EXTRACTED RECORDS:
##########
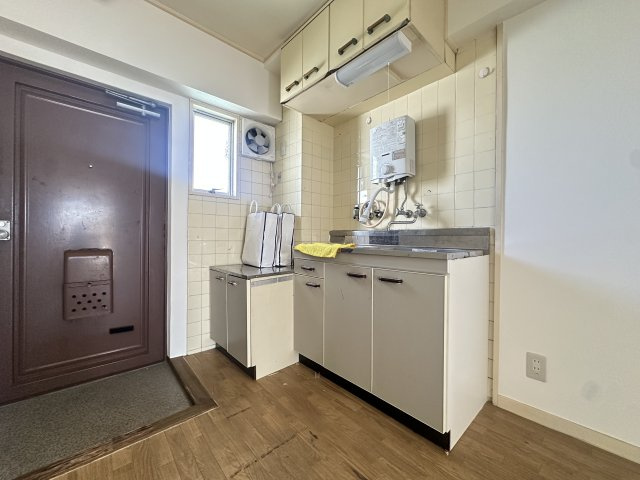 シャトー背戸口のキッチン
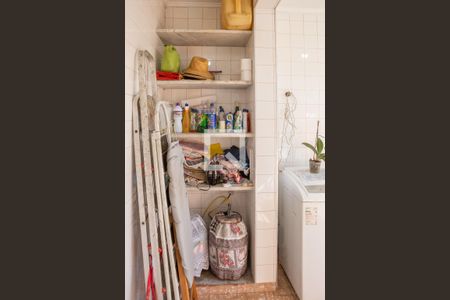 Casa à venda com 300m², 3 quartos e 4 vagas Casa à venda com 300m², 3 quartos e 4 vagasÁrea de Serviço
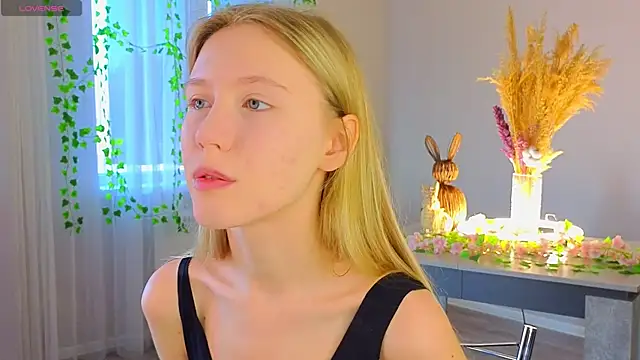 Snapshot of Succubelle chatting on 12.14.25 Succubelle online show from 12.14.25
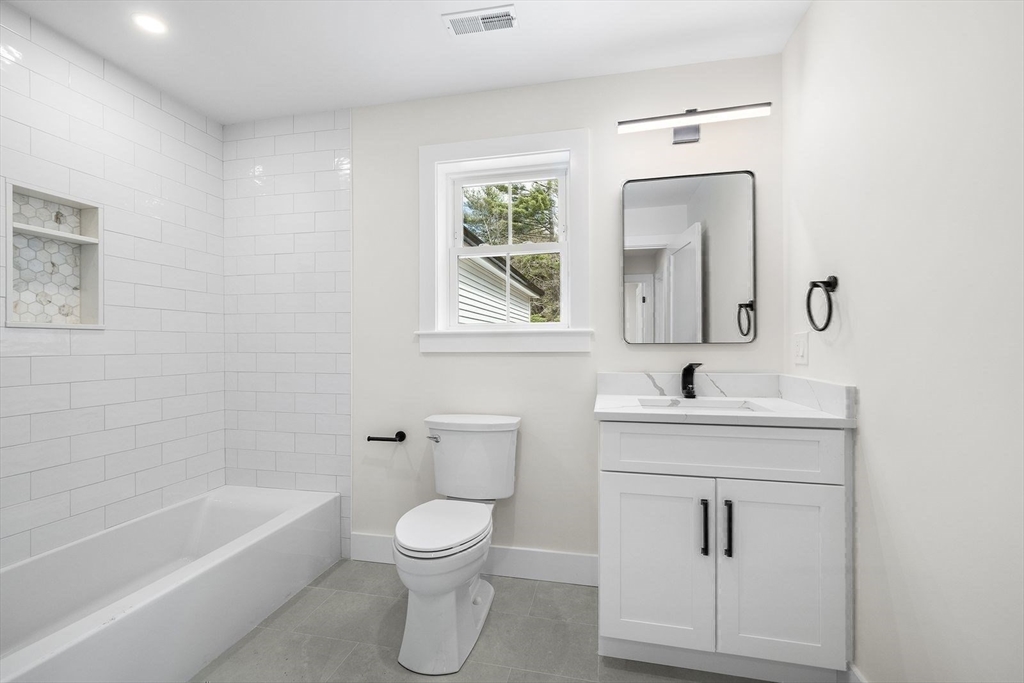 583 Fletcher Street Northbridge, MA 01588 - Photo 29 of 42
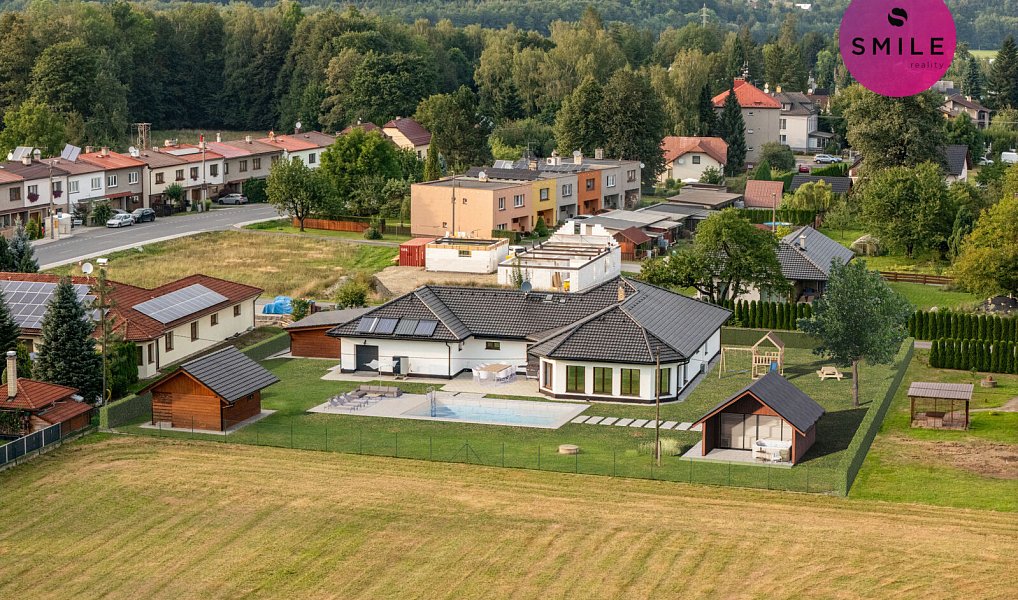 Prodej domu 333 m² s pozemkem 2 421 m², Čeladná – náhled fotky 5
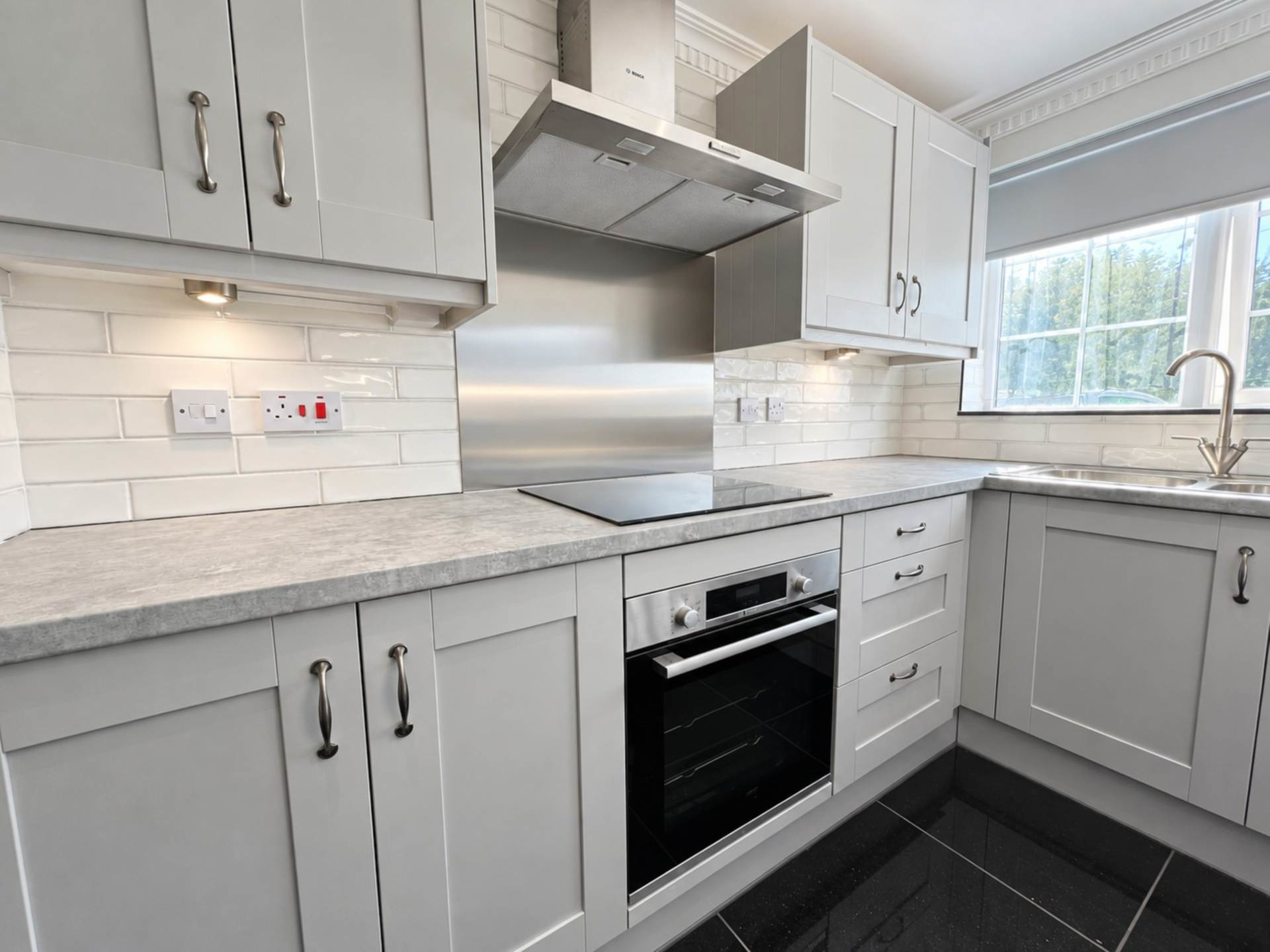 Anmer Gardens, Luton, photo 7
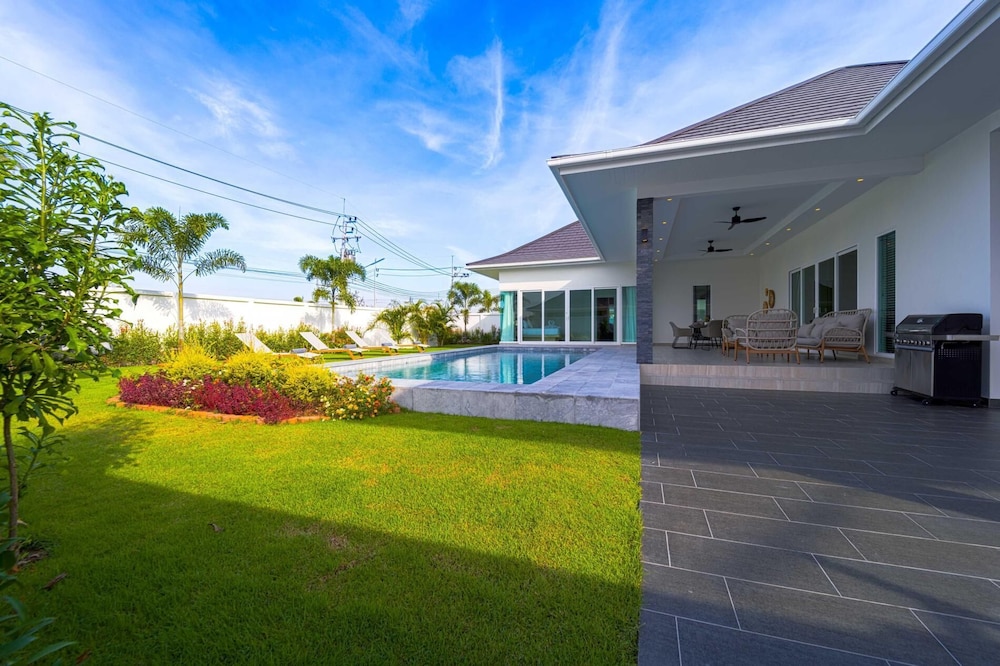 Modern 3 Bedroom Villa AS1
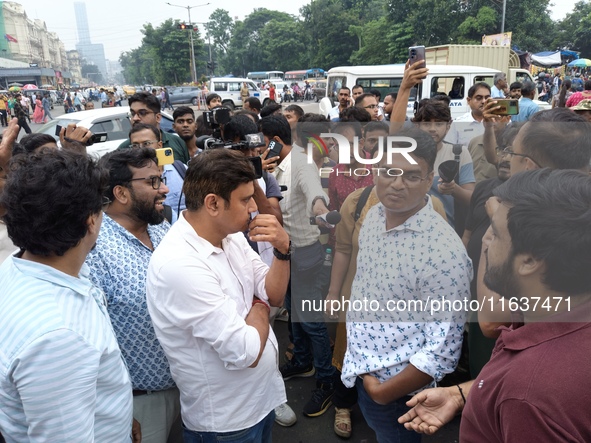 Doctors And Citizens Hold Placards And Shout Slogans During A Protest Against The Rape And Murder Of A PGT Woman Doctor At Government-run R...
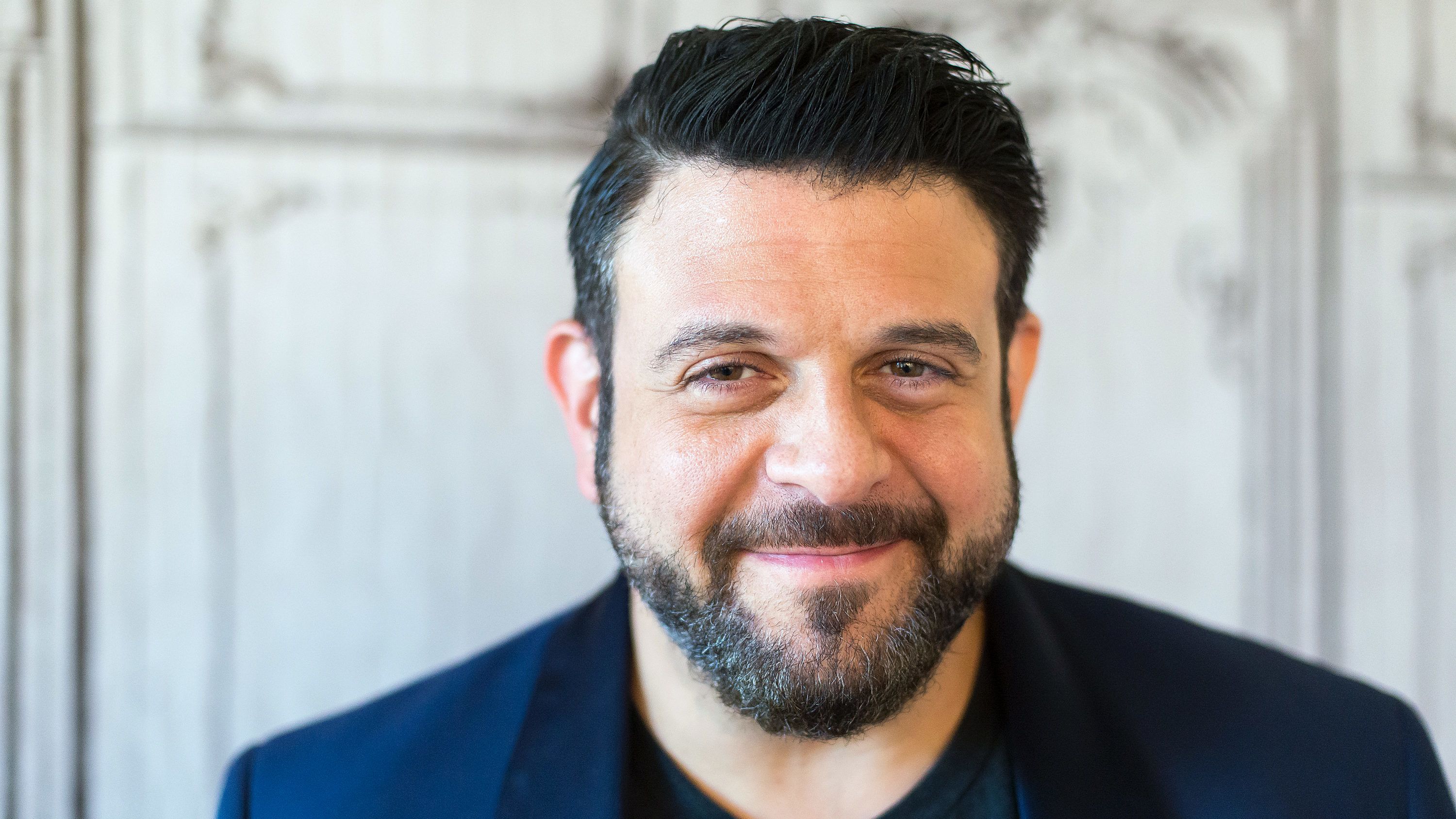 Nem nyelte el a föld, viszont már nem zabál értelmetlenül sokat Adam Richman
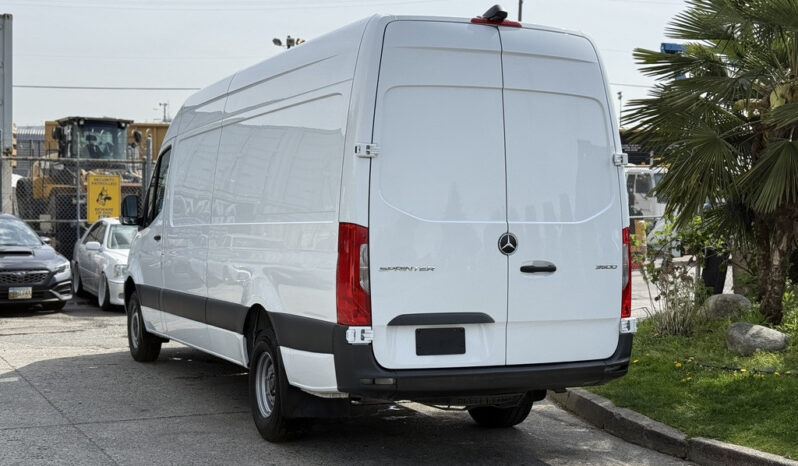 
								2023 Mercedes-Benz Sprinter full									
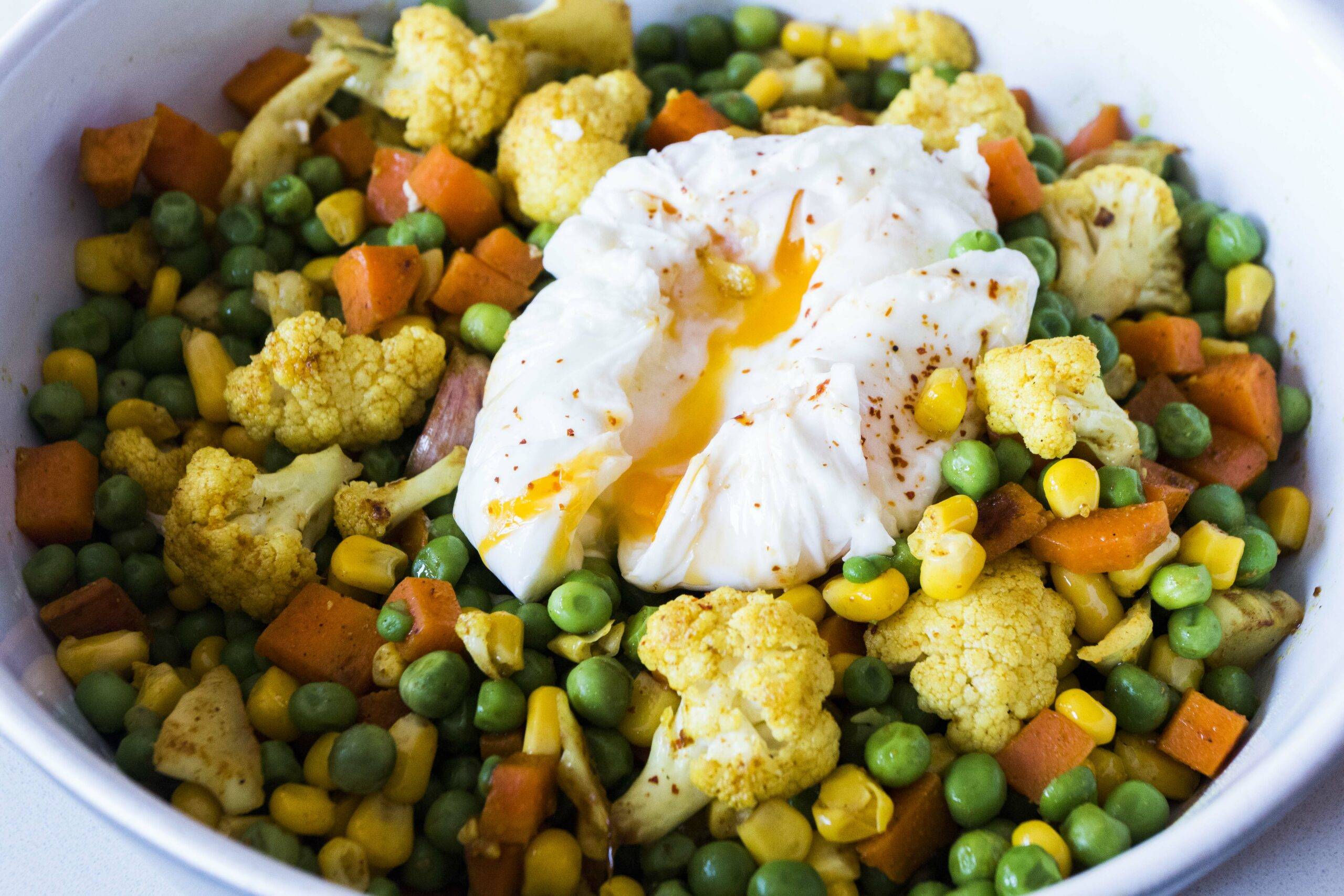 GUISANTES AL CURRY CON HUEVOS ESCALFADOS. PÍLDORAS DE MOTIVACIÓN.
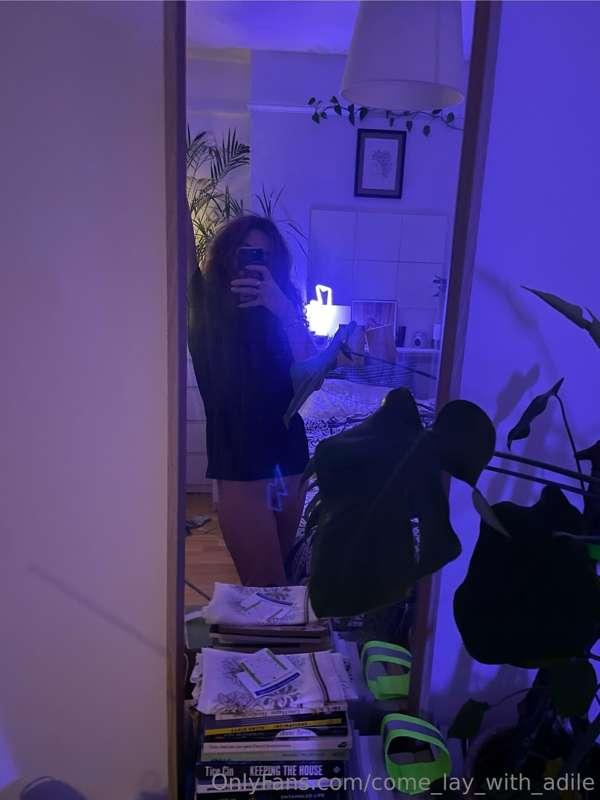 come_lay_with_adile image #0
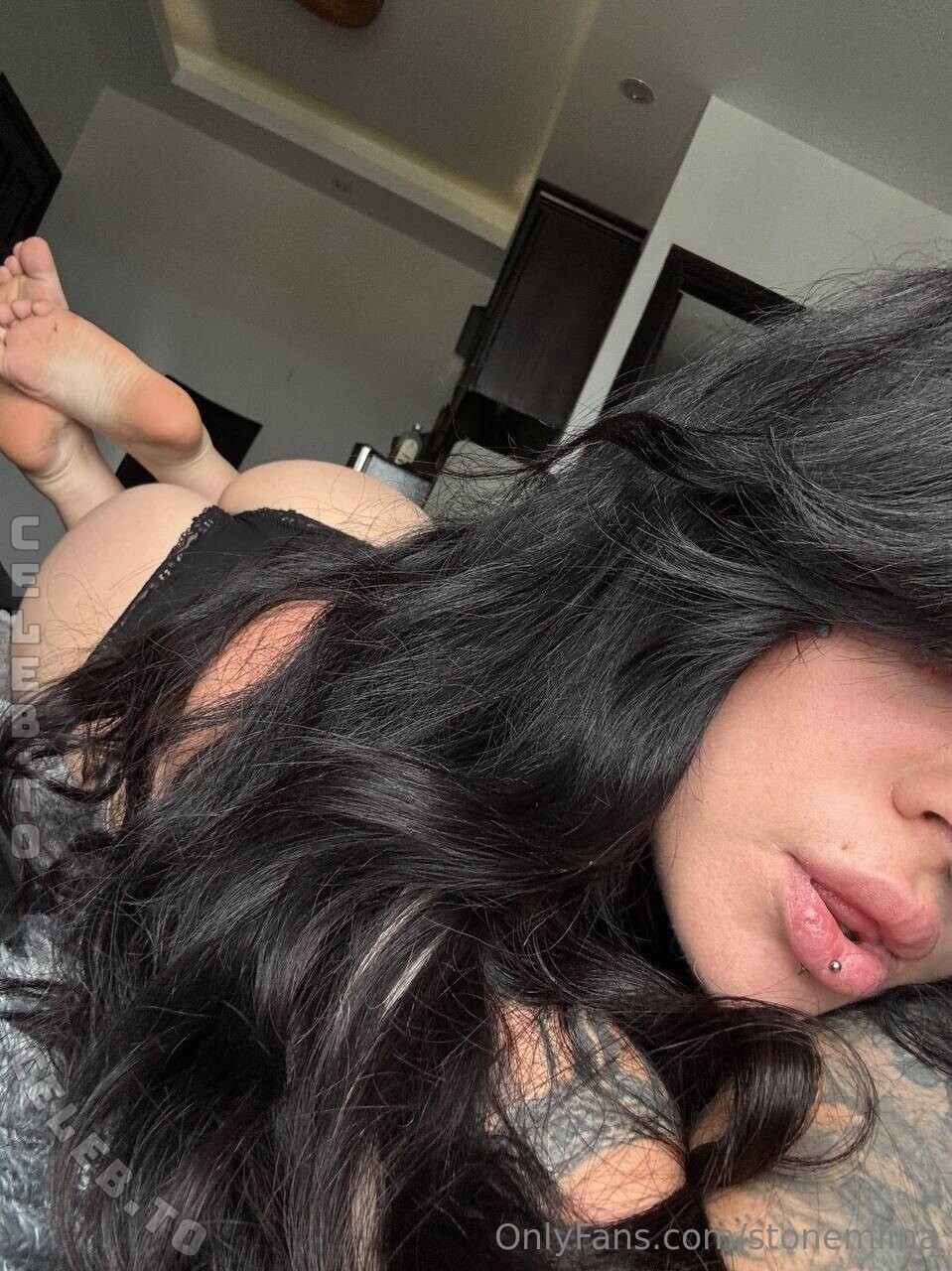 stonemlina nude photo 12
##########
DESCRIPTION OF THE TASK:
If a record holds a picture, leave the picture out, but repeat every line exactly.

SOLUTION:
 シャトー背戸口のキッチン
 Casa à venda com 300m², 3 quartos e 4 vagas Casa à venda com 300m², 3 quartos e 4 vagasÁrea de Serviço
 Snapshot of Succubelle chatting on 12.14.25 Succubelle online show from 12.14.25
 583 Fletcher Street Northbridge, MA 01588 - Photo 29 of 42
 Prodej domu 333 m² s pozemkem 2 421 m², Čeladná – náhled fotky 5
 Anmer Gardens, Luton, photo 7
 Modern 3 Bedroom Villa AS1
 Doctors And Citizens Hold Placards And Shout Slogans During A Protest Against The Rape And Murder Of A PGT Woman Doctor At Government-run R...
 Nem nyelte el a föld, viszont már nem zabál értelmetlenül sokat Adam Richman
								2023 Mercedes-Benz Sprinter full									
 GUISANTES AL CURRY CON HUEVOS ESCALFADOS. PÍLDORAS DE MOTIVACIÓN.
 come_lay_with_adile image #0
 stonemlina nude photo 12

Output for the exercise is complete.